I kept the weight off for the first five years of his life and then I began to relax and enjoy my husband’s outstanding cooking. I slowly stopped paying attention to what I ate.  

 When I went through menopause, my weight went off the charts. I developed belly fat and couldn’t seem to take it off. I tried using a smaller plate unsuccessfully.  Next, I tried eating only things that I loved. This made me feel less deprived but didn’t help me lose weight.

 The reality is, I love to eat. I don’t love to diet. Tell me I can’t eat something and I want more of it. When I finally decided to stop dieting, start enjoying my food, and paying attention to quantities I began to see some success. I have always had times when I would eat large amounts of food. For the most part, I have been able to control my present weight by cutting down on the amount I eat.

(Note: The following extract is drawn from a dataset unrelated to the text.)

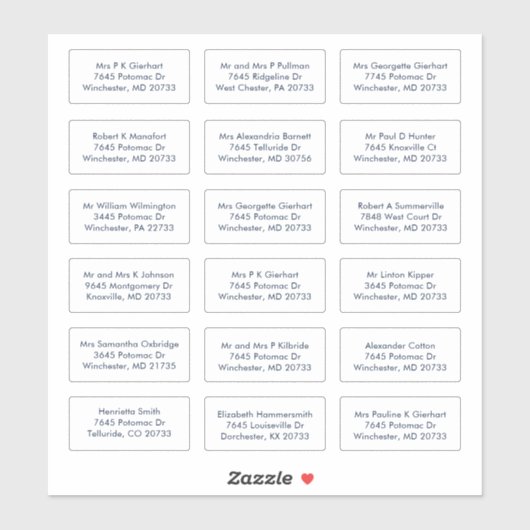 18 Naam van de ontvanger Huwelijksgasten Adressen Sticker (Vel)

 Over the years, I have tried a few diets. I tried Keto, Dr. Atkins and the Mediterranean Diet. The reality is, I hate diets. I’ve finally decided to eat in moderation, eat what I love, and quit trying so hard. Dieting makes me crabby. Too many rules drive me to cheat and I find myself rebelling against them.

 I have learned that the older I get, the less food I need to consume. I’ve come to realize that I need to accept myself as I am. Looking back to earlier days, I always thought I was too heavy, even when I wasn’t.  What’s the old expression? We should eat to live not live to eat. Excellent words to live by.

 Today, I am no longer a string bean and that’s OK with me.